Pourtant, ce grand bal des amoureux du cinéma, producteurs, créatifs, politiques, administratifs tous enlacés et dansant à l’unisson, fait parfois songer à ces images d’assemblées valsant sur un volcan. Les périls sont pourtant considérables, et l’absence de prise en compte de leur réalité aussi inquiétante que la vision d’un ballet mécanique qui répéterait les gestes d’une danse joyeuse sans savoir que la musique a changé.

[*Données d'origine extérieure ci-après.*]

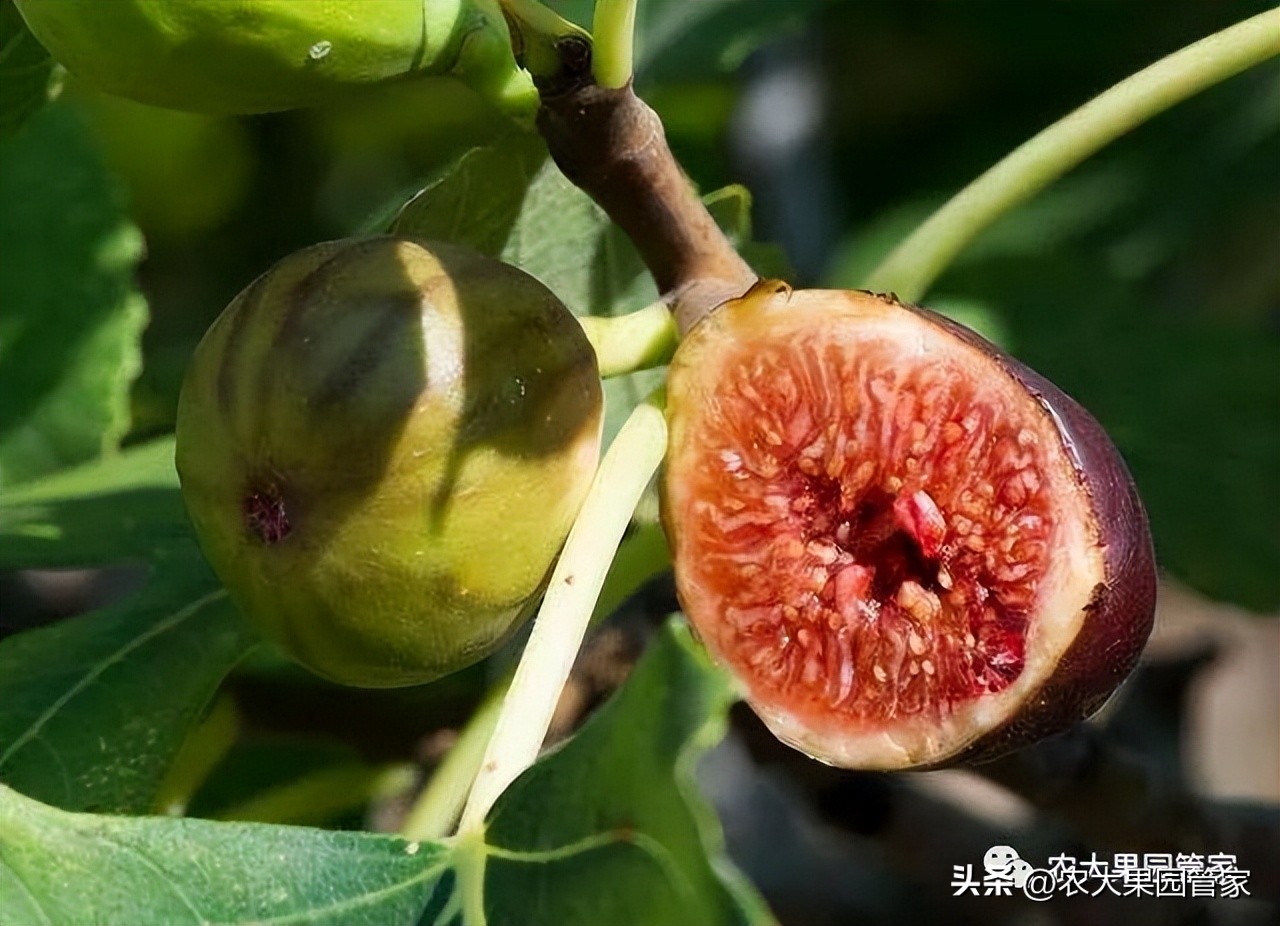 无花果的栽培技术,无花果树苗栽培技术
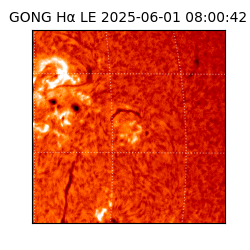 gong - 2025-06-01T08:00:42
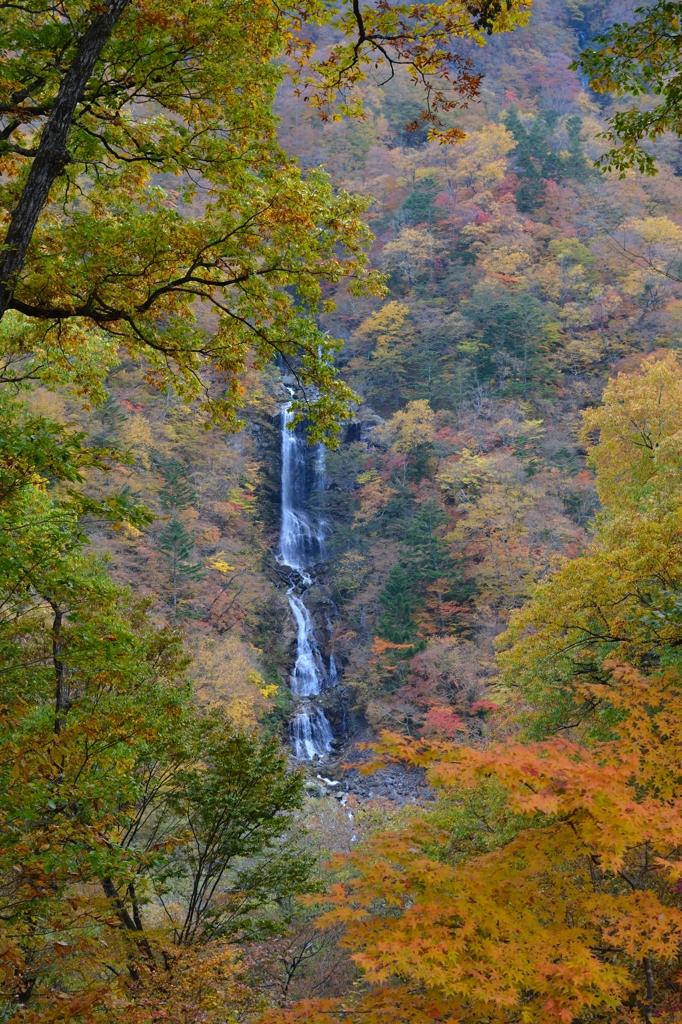 紅葉の額縁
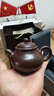 藏壺天下小容量宜興紫砂壺純手工茶具紫茄泥一人用茶壺潘壺 曬單實(shí)拍圖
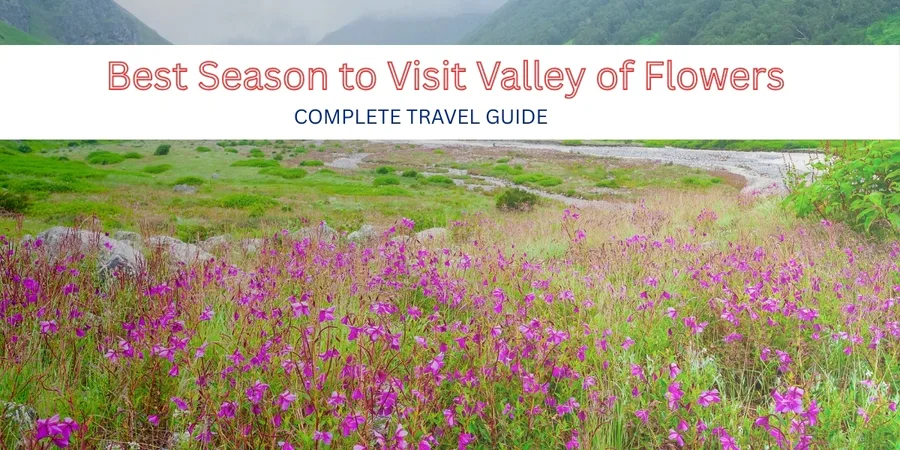 The best season to visit Valley of Flowers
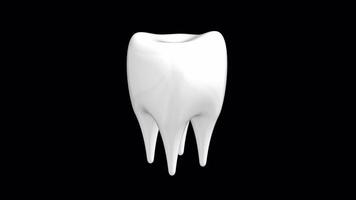 3d tournant dent sur une transparent Contexte. brillant dent. 4k video
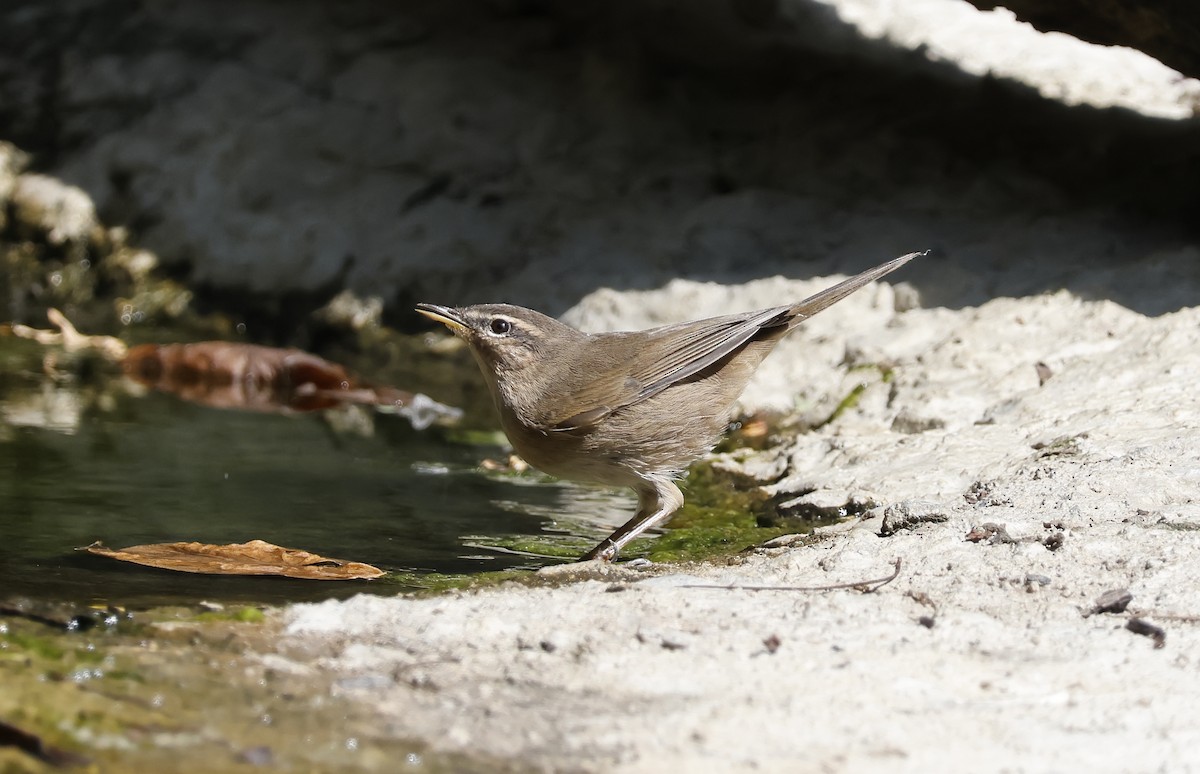 Esmer Çıvgın - ML646634749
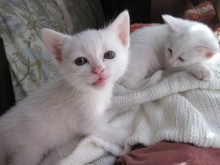 [picture of Rainbow Hawk, a Domestic Short Hair white/gray\ cat] 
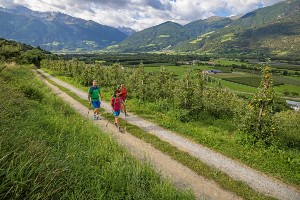 Vinschgau Valley Hiking Tour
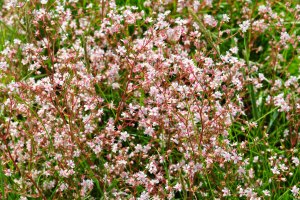 wild flowers on graves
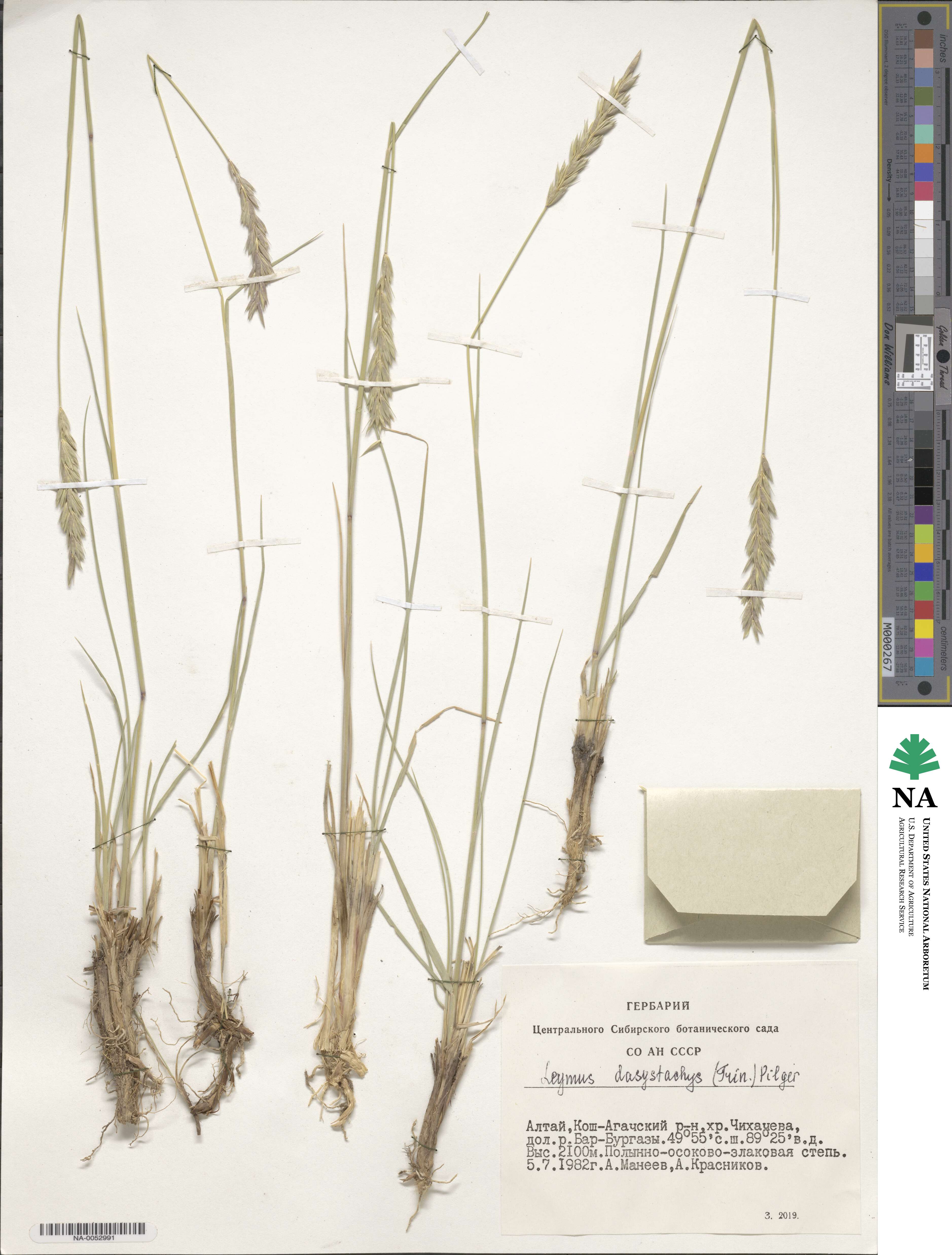 Leymus secalinus image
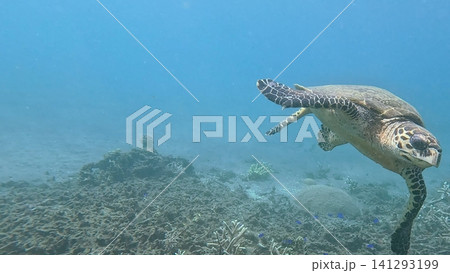 Critically endangered hawksbill sea turtle (Eretmochelys imbricata) glides through hazy blue water near the seafloor. Dauin, Philippines Critically endangered hawksbill sea turtle (Eretmochelys imbricata) glides through hazy blue water near the seafloor. Dauin, Philippines 141293199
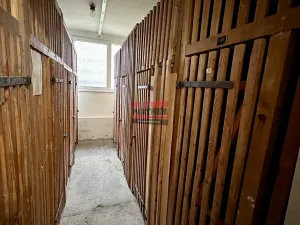 Pronájem bytu 1+1, Planá nad Lužnicí, Průmyslová, 39 m2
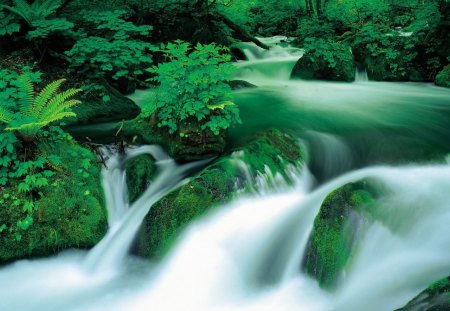 green mountain stream - surf, mountain, trees, popular, forests, stream, waterfalls, tropical, wallpaper, nature, forest, green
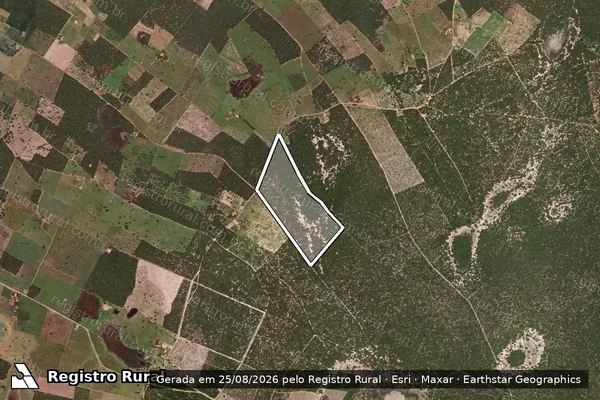 Imagem de satélite de Fazenda Lagoa do Canto - PARCELA 3 em Carinhanha - BA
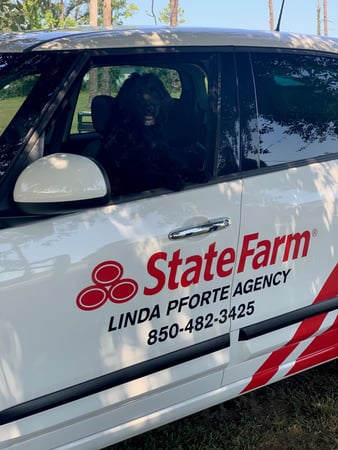 Images Linda Pforte - State Farm Insurance Agent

Les logiques induites par l’hyper concentration du secteur audiovisuel et de la communication, auxquelles, dans le cas de la fusion Vivendi Universal Canal+, les pouvoirs publics n’ont rien trouvé à redire, en sont un des aspects. Quels que soient le passeport et la rhétorique dont use son PDG, Vivendi Universal n’est pas une entreprise française. Les transferts d’autorité à d’autres niveaux que ceux des Etats, et les termes des futures négociations (à commencer par celles de l’Organisation mondiale du commerce) en sont un autre.

La mise en question des mécanismes de protection fondés sur les frontières nationales et les systèmes de quotas par des organismes internationaux, la redéfinition contemporaine des œuvres et des droits qui y sont attachés, l’existence d’instances d’autorisation et de contrôle, le rôle des régions, etc., sont autant d’approches nouvelles qui transforment en profondeur l’esprit des dispositifs légaux et réglementaires, font et feront l’objet de conflits dans les arènes de négociation.
La politique publique se résume désormais à enregistrer les desiderata des groupes de pression des professionnels. Cela vaut aux hommes publics un soutien chaleureux des hommes de spectacle. Tout le monde est content. Il n’est pas sûr que cela soit une bonne nouvelle.